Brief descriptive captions
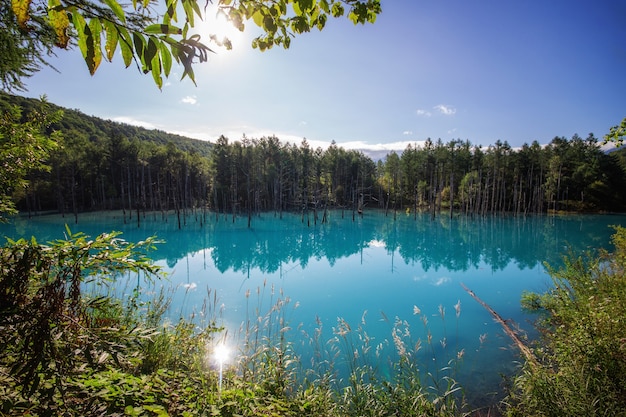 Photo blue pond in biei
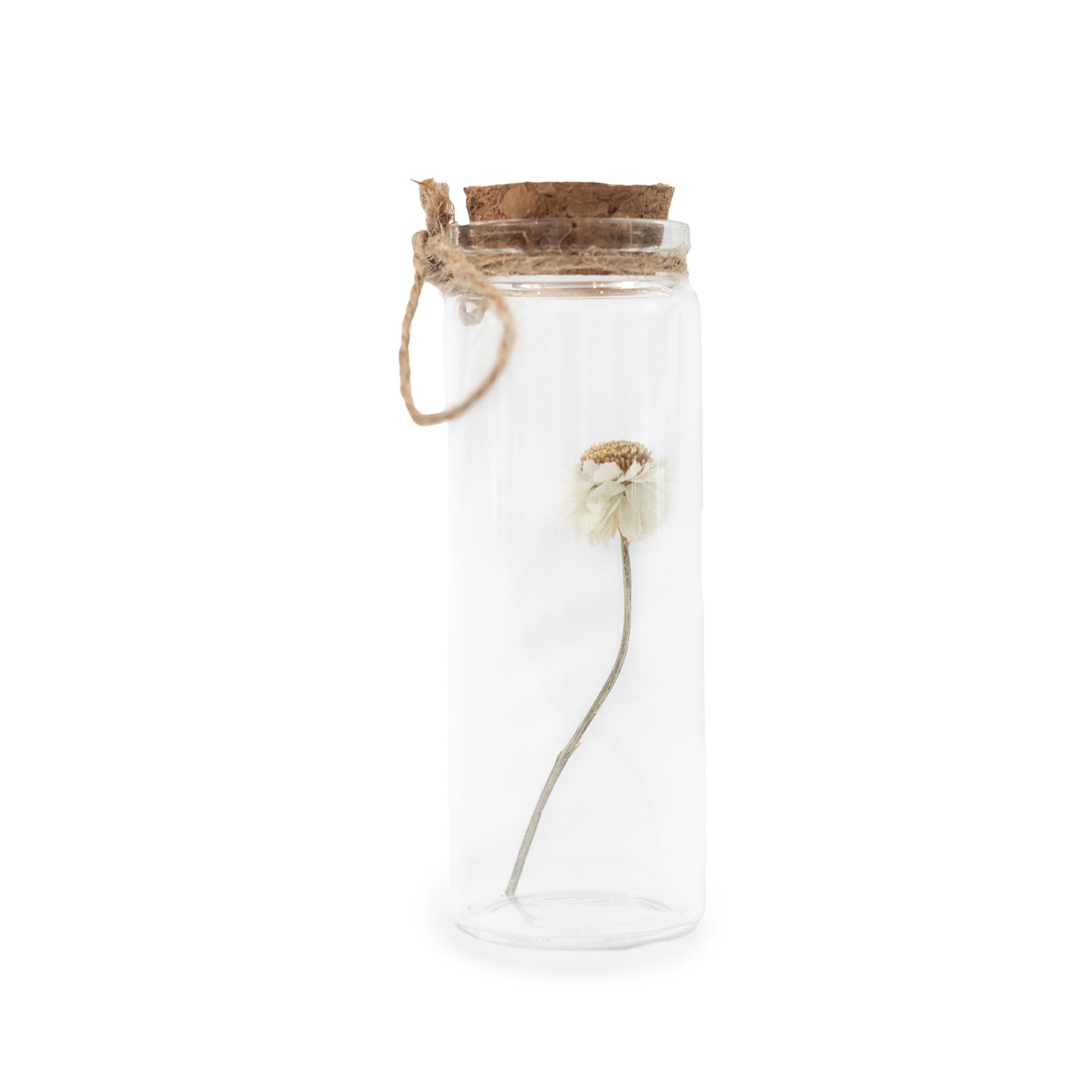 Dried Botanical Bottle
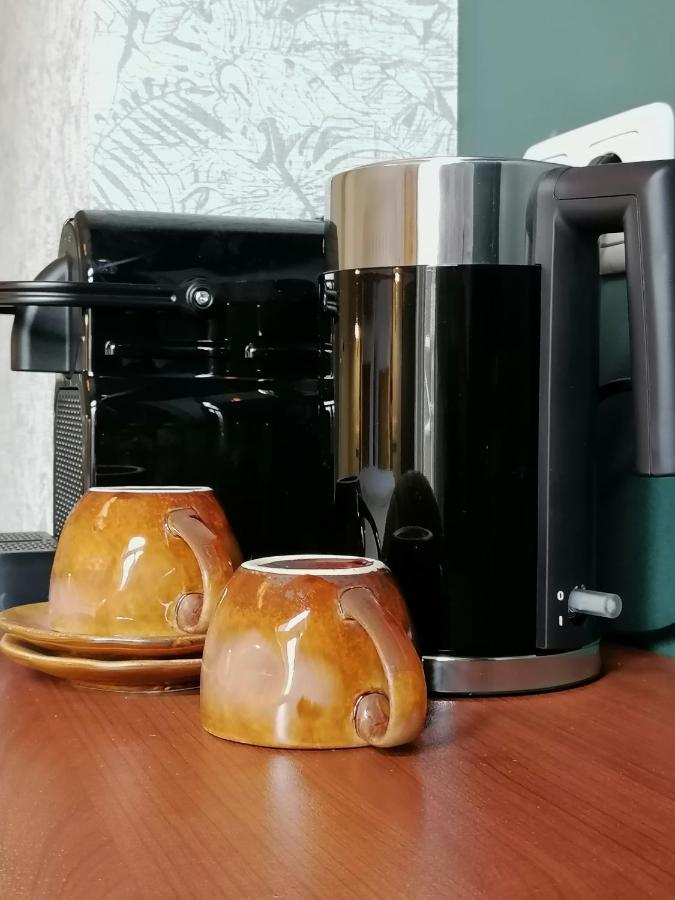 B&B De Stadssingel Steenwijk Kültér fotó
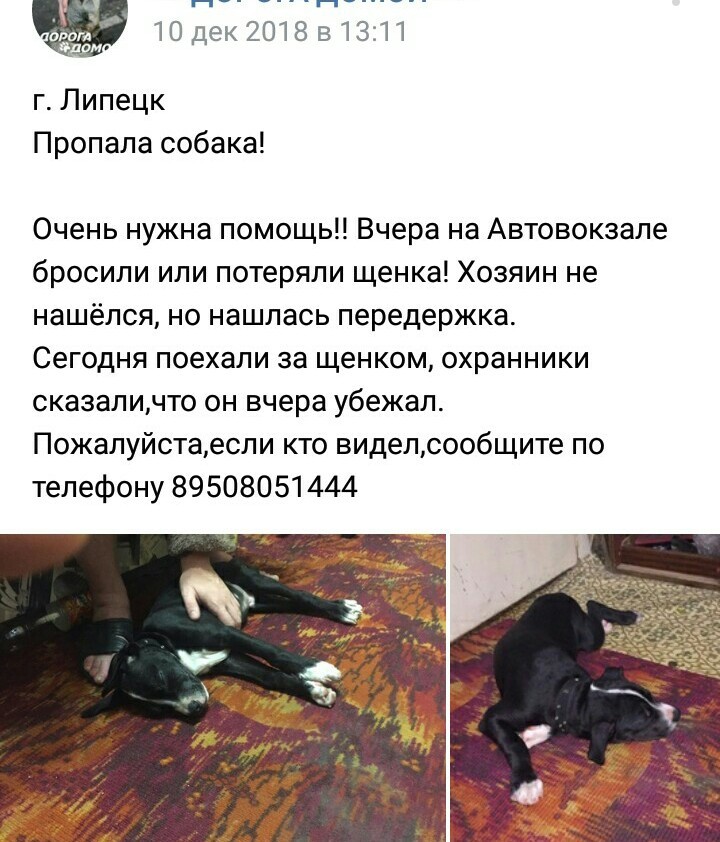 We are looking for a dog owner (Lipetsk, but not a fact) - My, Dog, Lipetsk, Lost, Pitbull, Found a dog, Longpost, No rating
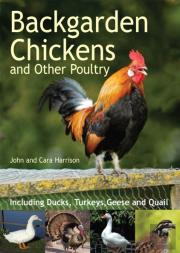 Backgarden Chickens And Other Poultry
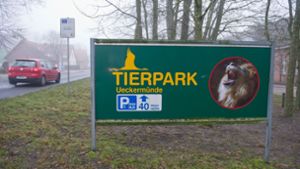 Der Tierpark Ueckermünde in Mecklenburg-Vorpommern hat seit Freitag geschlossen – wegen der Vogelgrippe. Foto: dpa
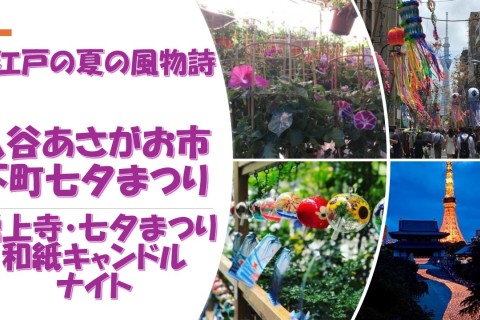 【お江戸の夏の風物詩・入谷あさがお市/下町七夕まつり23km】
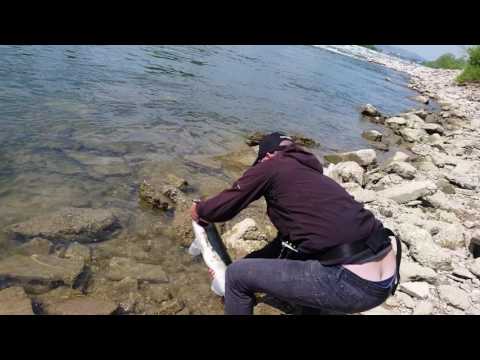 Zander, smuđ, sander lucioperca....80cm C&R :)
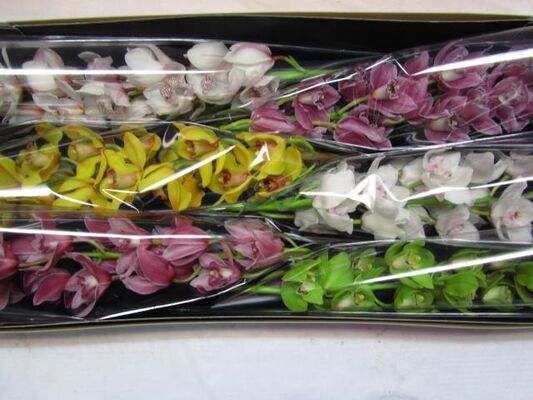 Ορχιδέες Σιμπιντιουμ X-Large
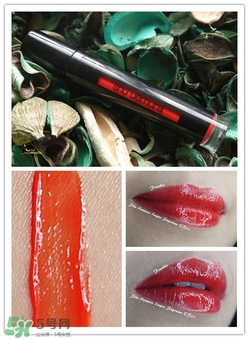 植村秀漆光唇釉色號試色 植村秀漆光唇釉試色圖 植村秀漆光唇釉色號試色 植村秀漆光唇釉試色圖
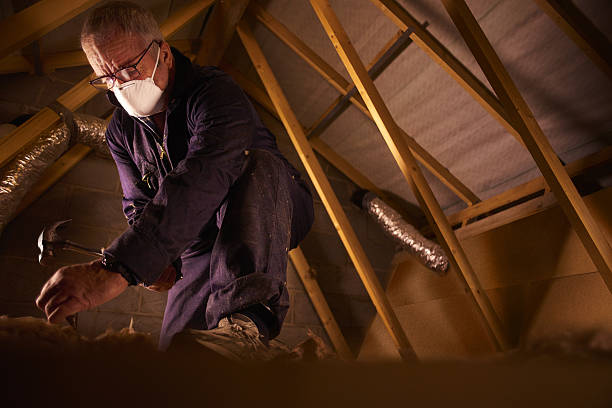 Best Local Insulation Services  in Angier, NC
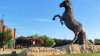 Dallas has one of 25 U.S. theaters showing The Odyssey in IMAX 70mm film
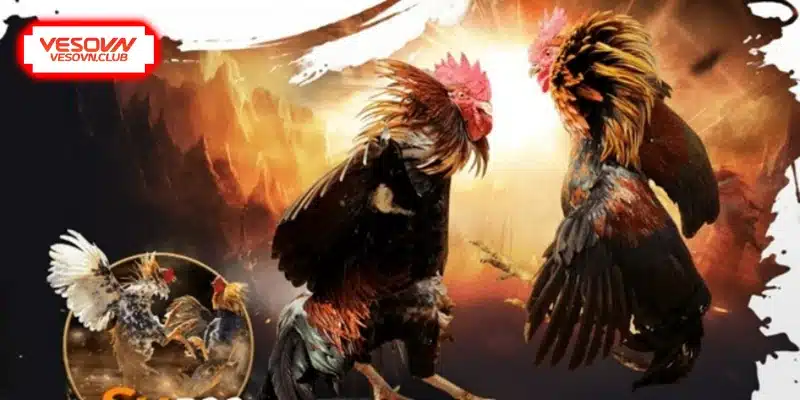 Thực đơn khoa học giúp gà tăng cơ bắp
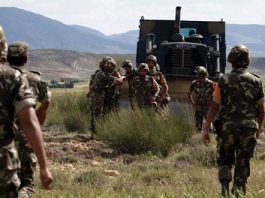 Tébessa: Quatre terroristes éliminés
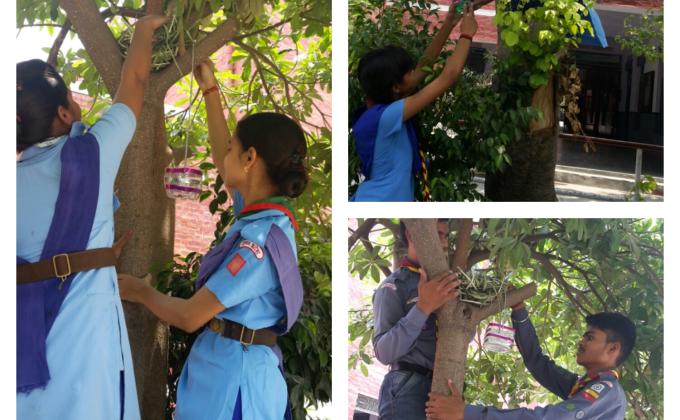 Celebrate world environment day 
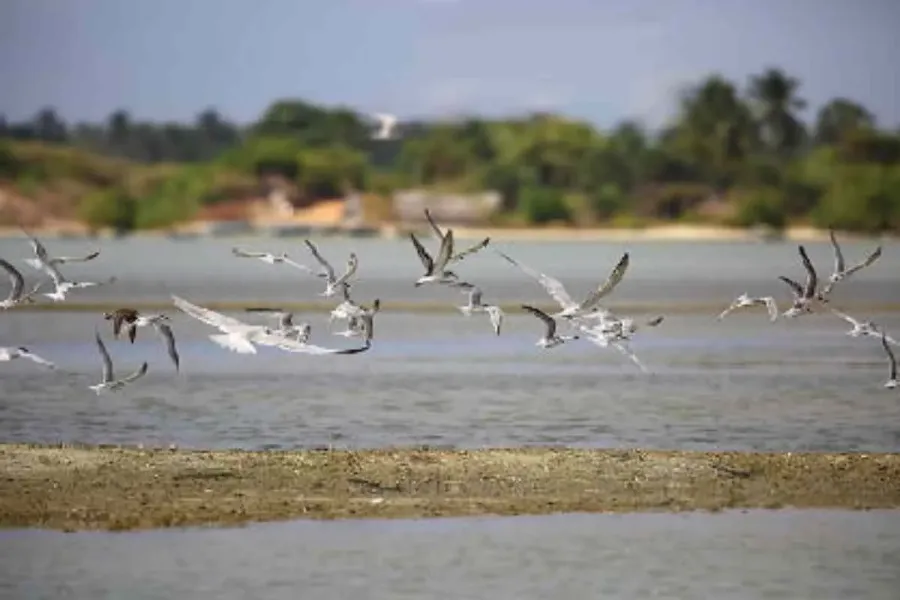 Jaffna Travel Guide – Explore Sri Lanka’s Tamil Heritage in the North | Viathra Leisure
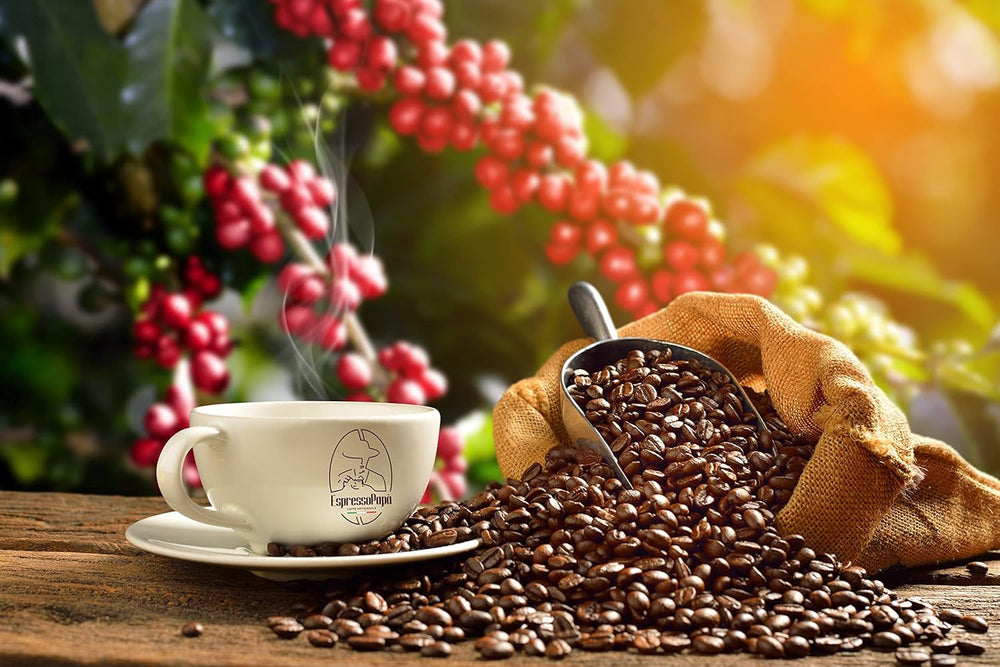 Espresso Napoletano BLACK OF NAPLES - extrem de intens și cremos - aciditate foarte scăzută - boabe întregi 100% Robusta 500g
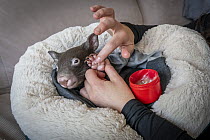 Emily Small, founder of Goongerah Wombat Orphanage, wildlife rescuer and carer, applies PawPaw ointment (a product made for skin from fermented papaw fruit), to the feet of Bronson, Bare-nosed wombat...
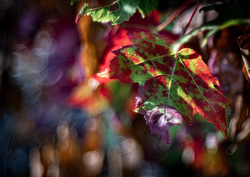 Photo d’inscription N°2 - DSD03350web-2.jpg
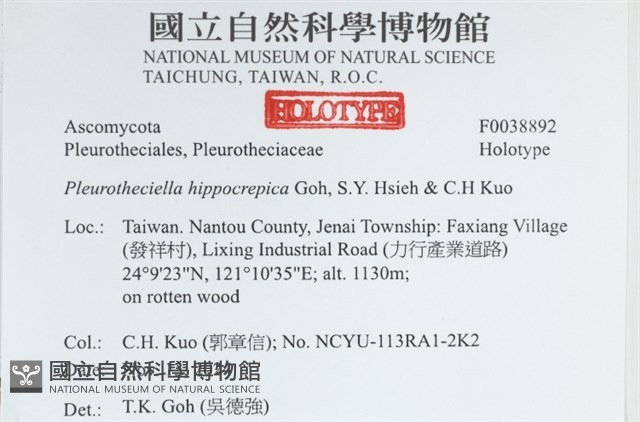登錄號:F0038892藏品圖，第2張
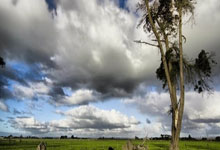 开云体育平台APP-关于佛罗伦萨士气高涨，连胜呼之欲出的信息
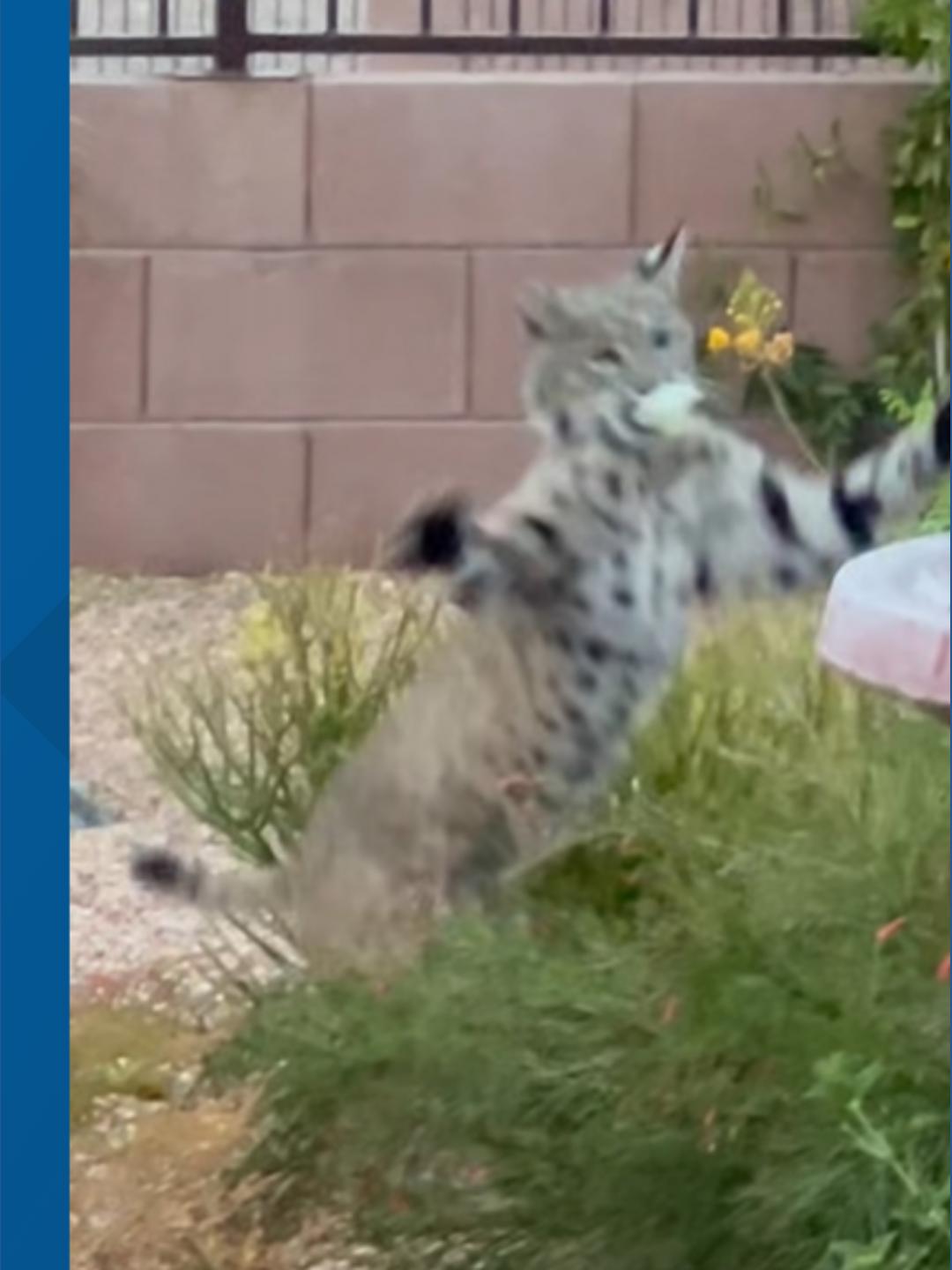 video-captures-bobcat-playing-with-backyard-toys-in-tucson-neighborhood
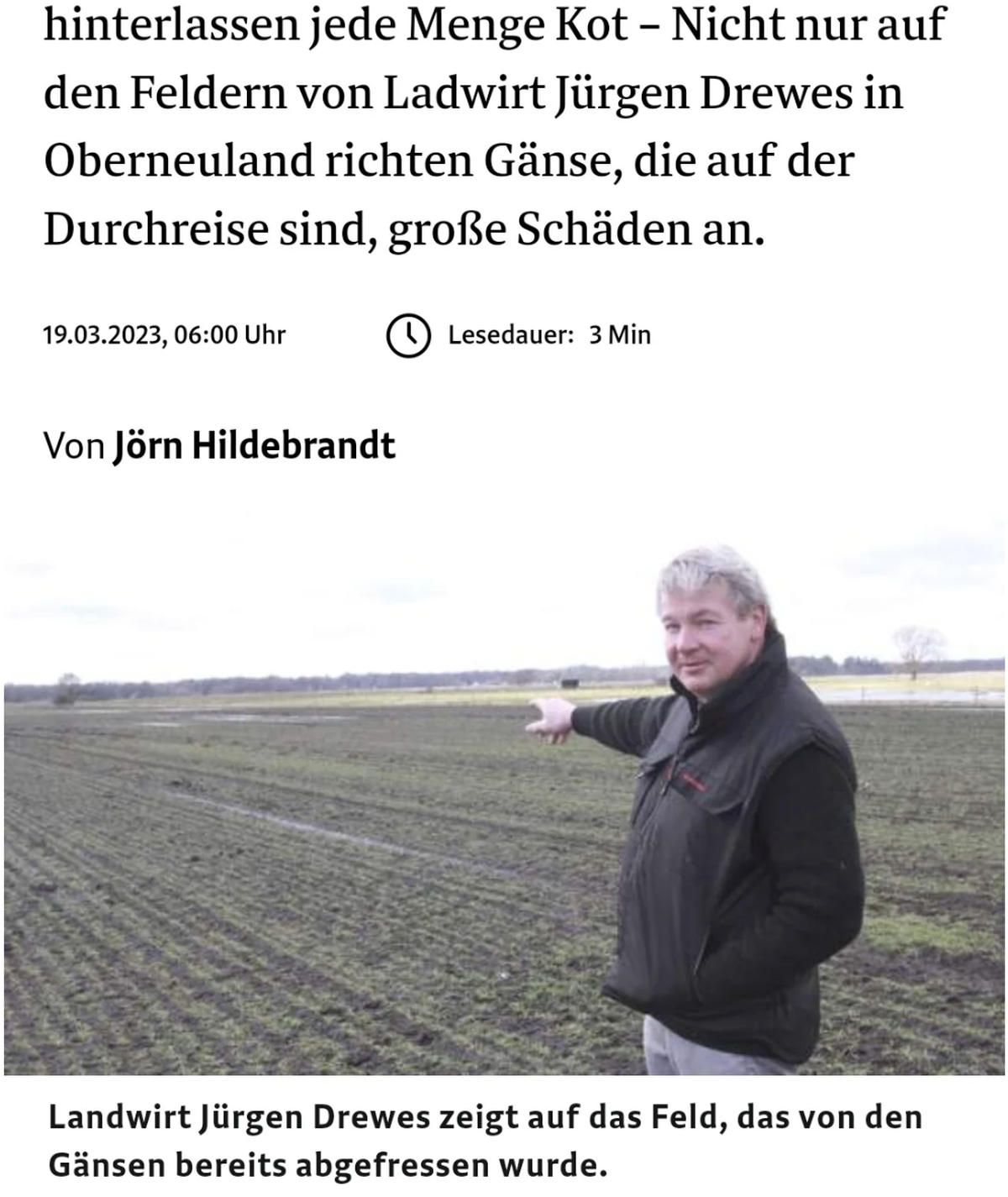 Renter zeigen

> Exercise
An exact copy of the lines above from the one with "Ορχιδέες Σιμπιντιουμ X-Large" up to and including the one with "Jaffna Travel Guide" is required; reproduce only those lines, omitting all pictures.

> Solution to the exercise
 Ορχιδέες Σιμπιντιουμ X-Large
 植村秀漆光唇釉色號試色 植村秀漆光唇釉試色圖 植村秀漆光唇釉色號試色 植村秀漆光唇釉試色圖
 Best Local Insulation Services  in Angier, NC
 Dallas has one of 25 U.S. theaters showing The Odyssey in IMAX 70mm film
 Thực đơn khoa học giúp gà tăng cơ bắp
 Tébessa: Quatre terroristes éliminés
 Celebrate world environment day 
 Jaffna Travel Guide – Explore Sri Lanka’s Tamil Heritage in the North | Viathra Leisure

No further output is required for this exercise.